Last week the Guardian report revealed that the Frontex vessels were involved in illegal maritime pushback exercises to forcibly push back migrants and refugees from entering the EU via Greek waters.
The Greek Coast Guard (HCG) has been charged with these unlawful pushbacks since long that the European Center for Constitutional and Human Rights (ECCHR), defines as events where migrants and refugees are pushed back over the sea border without any humanitarian consideration. Without giving them a chance to apply for asylum.
The EU has been criticized for sentencing migrants to death by Campaigners and MEPs. Moreover, also citing the EU’s Frontex agency investing in technology to screen migrants from far off and shrugging its duties towards helping migrants.
The Frontex office has denied any allegations related to push backs. Also, urged for an internal inquiry stating that it applies the best standards of maritime border control to its services.”
In July, members from the EU Parliament requested that the Greek government put forth their viewpoint on the reports and allegations which alleged that the nation’s border patrols and police forcibly kept migrants from entering Greece.
However, this report surfaced following a few media and NGO’s, for example, Amnesty International revealed that the Greek police were utilizing force at the borders.
Start of Oct, Frontex signed an agreement with the Airbus and Israeli weapons company Elbit Systems for military-grade drones to screen “each vessel engaged with any type of sporadic or criminal operations adrift.
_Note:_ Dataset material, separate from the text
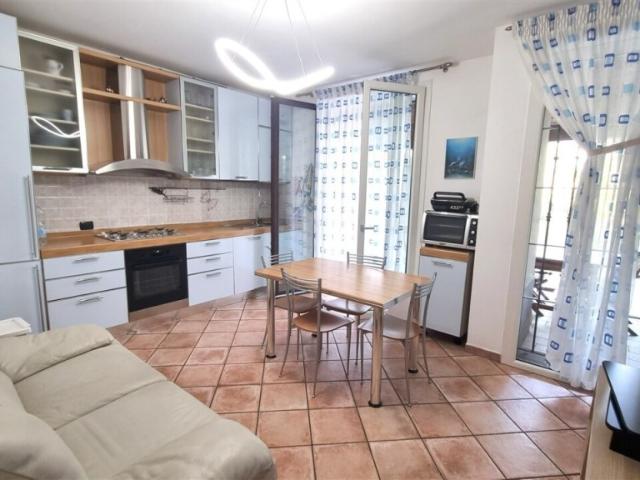 Vendesi casa indipendente a Parma via Ottavio Pattacini, 1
The EU has stated that air surveillance helps in saving lives on the sea. However, in June, a group of NGOs released a report alleging that Europe’s air movements had prompted a huge number of migrants taken into custody by the Libyan patrol, while the EU concluded its ocean patrols.
Oliver Nuffer, an Airbus’ defense wing sales head stated that Frontex was its first nonmilitary customer. The firm will be working on the Israeli Heron 1 airplane, outfitted with infrared cameras and radars.
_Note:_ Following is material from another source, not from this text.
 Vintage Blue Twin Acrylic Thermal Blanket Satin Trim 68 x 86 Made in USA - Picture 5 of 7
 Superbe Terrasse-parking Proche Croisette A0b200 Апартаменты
Airbus hoped that the business deal would lead to more civilian associations. The latest technology has been manufactured for the military. The drone is capable of a daylong flight that would help Frontex to monitor the maritime borders, added Nuffer.
The new investigation reveals that Frontex resources were effectively engaged with one pushback episode at the Greek-Turkish sea fringe in the Aegean Sea.